# Phone Charger(s) in back seat



## DaDris09 (Apr 6, 2015)

Cost me $25 and it's already paid for itself. Highly recommend this kind of setup. Pax love it.

https://www.amazon.com/dp/B0722RWLNV/?tag=ubne0c-20


----------



## Bpr2 (Feb 21, 2017)

That's what I do, except with one multiple charger. The second is hidden unless another pax asks for it.


----------



## kah5683 (May 15, 2017)

Where did you get the colored cord holders?


----------



## Bpr2 (Feb 21, 2017)

kah5683 said:


> Where did you get the colored cord holders?


Click this link

BELUGA Cable Clips & Cord Management System with 3M Back-Adhesive, Desktop Cable Organizer & Computer, Electrical, Charging or Mouse Cord Holder (Pack of 8) (Multi-color) https://www.amazon.com/dp/B011HTFUU2/?tag=ubne0c-20


----------



## The Gift of Fish (Mar 17, 2017)

I see drunk pax getting this caught up in their feet and trying to yank half my dashboard off.


----------



## Bpr2 (Feb 21, 2017)

The Gift of Fish said:


> I see drunk pax getting this caught up in their feet and trying to yank half my dashboard off.

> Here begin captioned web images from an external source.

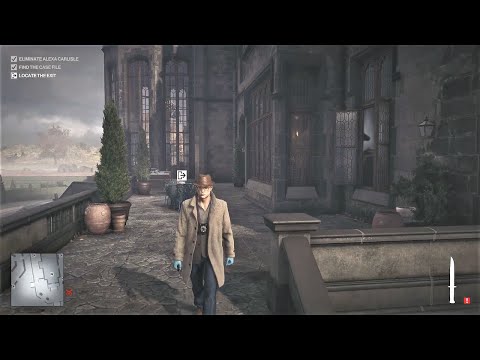 HITMAN 3 - Knives Out (Kill Everyone, Blade Only)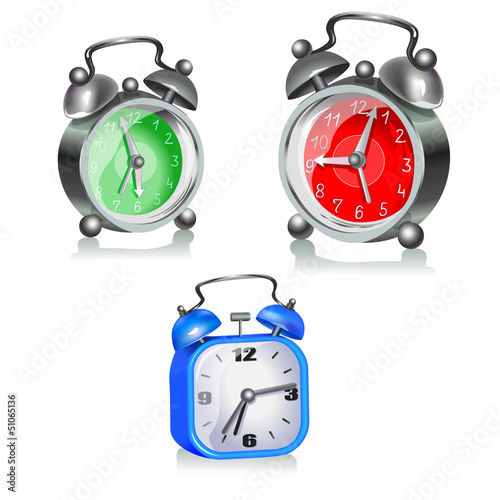 Three alarms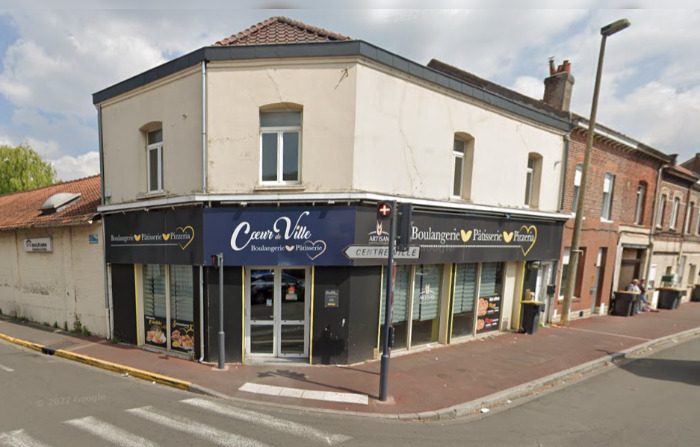 La boulangerie Cœur de ville, à Noyelles-sous-Lens (Pas-de-Calais). (Capture d’écran Google Maps)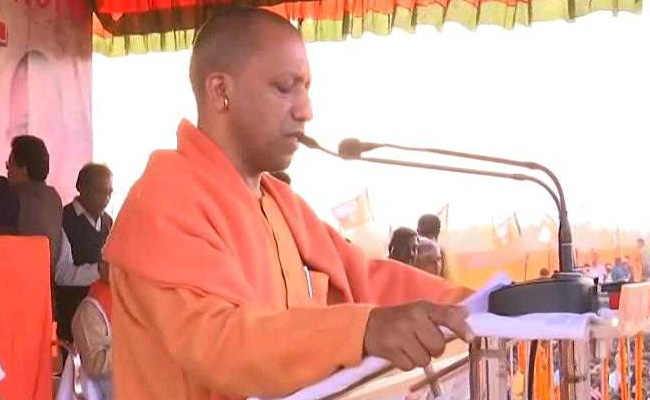 Crowds Wait, Yogi Adityanath On Way, But Question Mark On Bengal Rally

 That's why I have mine tucked in the back pocket of my driver seat. Instant five star if the passenger tucks it back in for me


----------



## Tomahawk21 (Apr 3, 2017)

Just make sure you check after each ride so if someone tries to sneak it out! Drunk people think they sneaky but surprise no so much.


----------



## Bpr2 (Feb 21, 2017)

Tomahawk21 said:


> Just make sure you check after each ride so if someone tries to sneak it out! Drunk people think they sneaky but surprise no so much.


Luckily my USB port is in the center counsel and I taped the charger to the extension cord so it's sort of difficult to take


----------



## Tomahawk21 (Apr 3, 2017)

Yah but like I said doesn't mean they won't try.


----------



## Bpr2 (Feb 21, 2017)

Tomahawk21 said:


> Yah but like I said doesn't mean they won't try.


The two that have I looked at and said they didn't wanna go down that road. They were good the rest of the trip. Haha.


----------



## Aerodrifting (Aug 13, 2017)

It's a good idea, Btw you can get it for 1/8 the price you paid on eBay.
http://www.ebay.com/itm/3-in-1-Univ...05&rk=1&rkt=1&&_trksid=p2045573.c100505.m3226


----------